Prompt: Could you set down every entry exactly as it stands, without the images?

Supplied material START

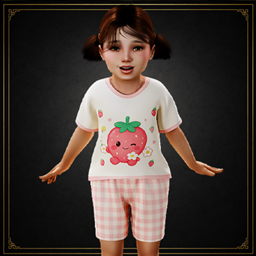 Toddler - Sweet strawberry pajama set with gingham shorts logo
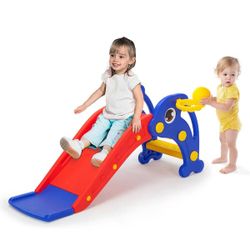 3-in-1 Toddler Slide, Baby Slide Playset with Basketball Hoop for Indoor and Outdoor, Red and Blue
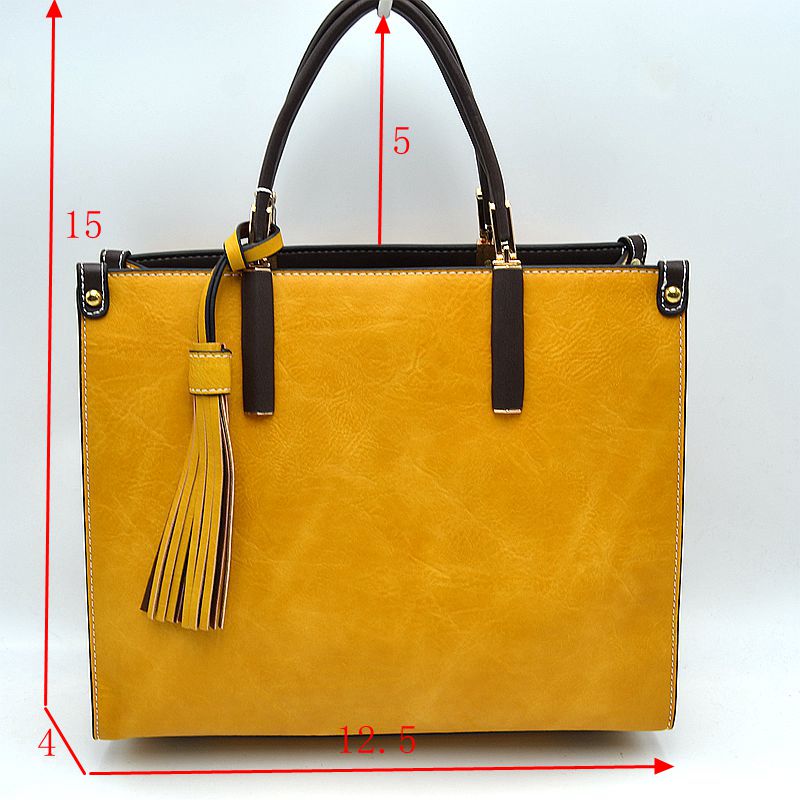 Madeline Love Large Shoulder Vegan Leather Tassel Handbag for Women view 32 - Women Handbag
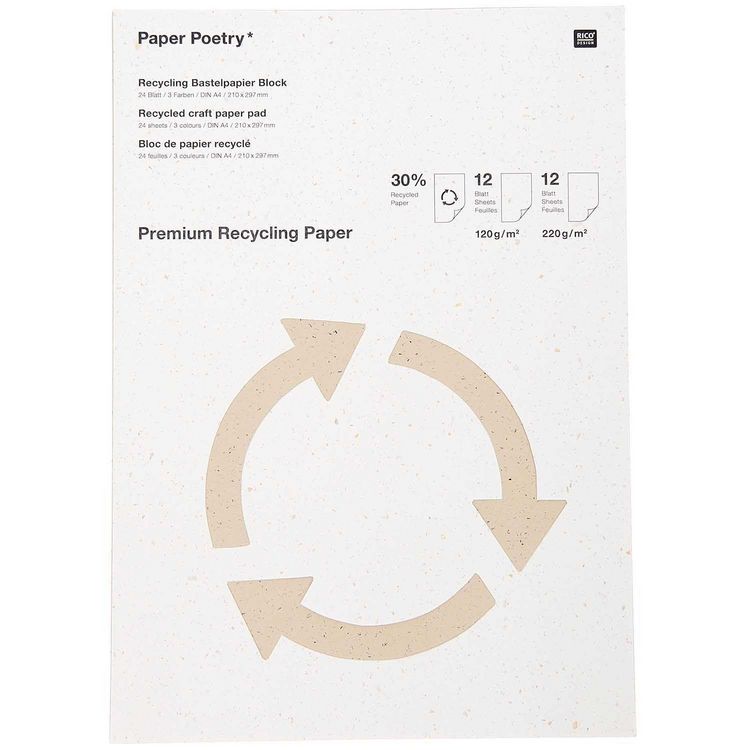 Produktbild: Premium Bastelblock 120g/220g Recycled MIX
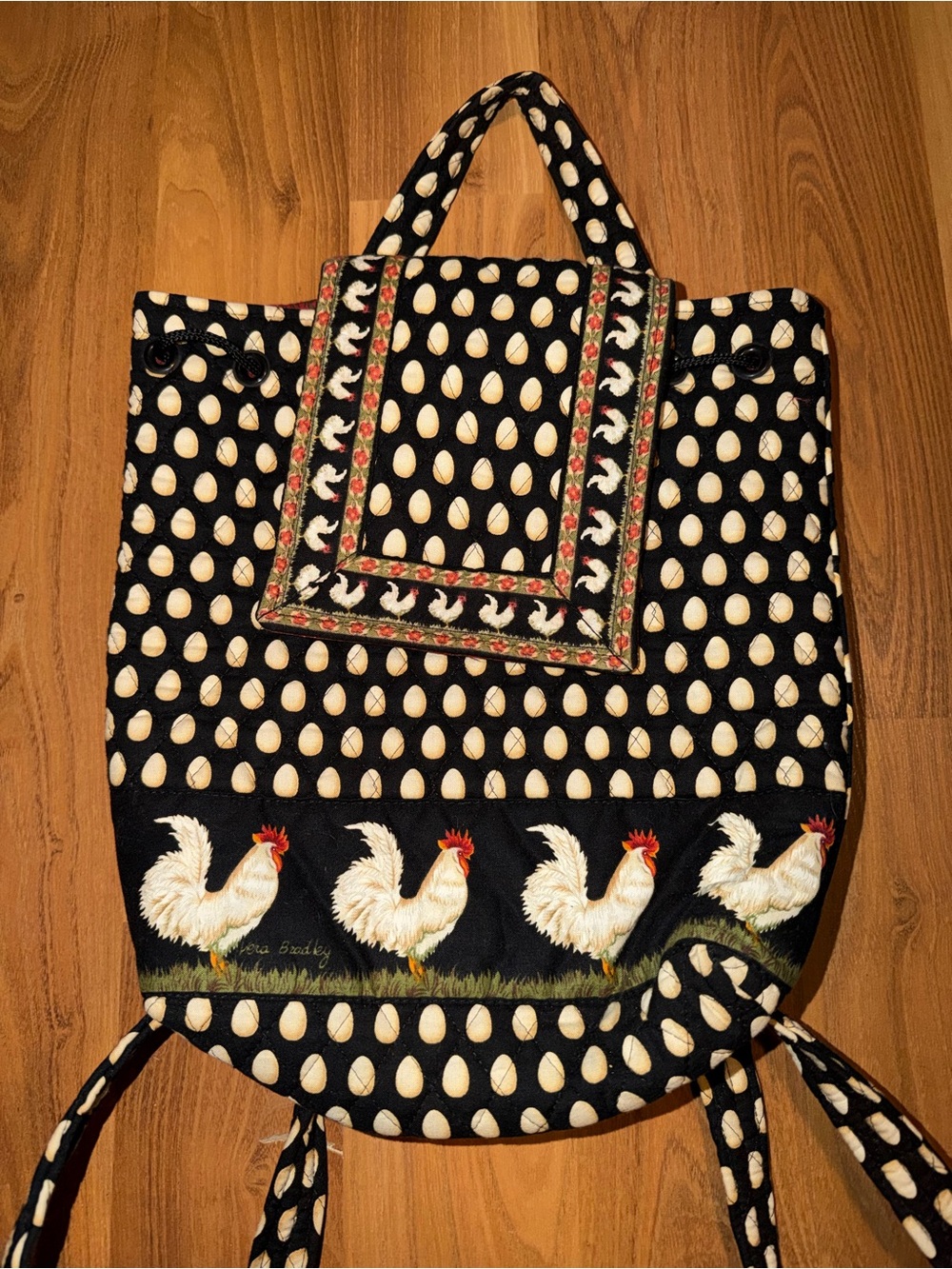 Vera Bradley Black & Cream Rooster Quilted Backpack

Supplied material END

Result for this exercise:
 Toddler - Sweet strawberry pajama set with gingham shorts logo
 3-in-1 Toddler Slide, Baby Slide Playset with Basketball Hoop for Indoor and Outdoor, Red and Blue
 Madeline Love Large Shoulder Vegan Leather Tassel Handbag for Women view 32 - Women Handbag
 Produktbild: Premium Bastelblock 120g/220g Recycled MIX
 Vera Bradley Black & Cream Rooster Quilted Backpack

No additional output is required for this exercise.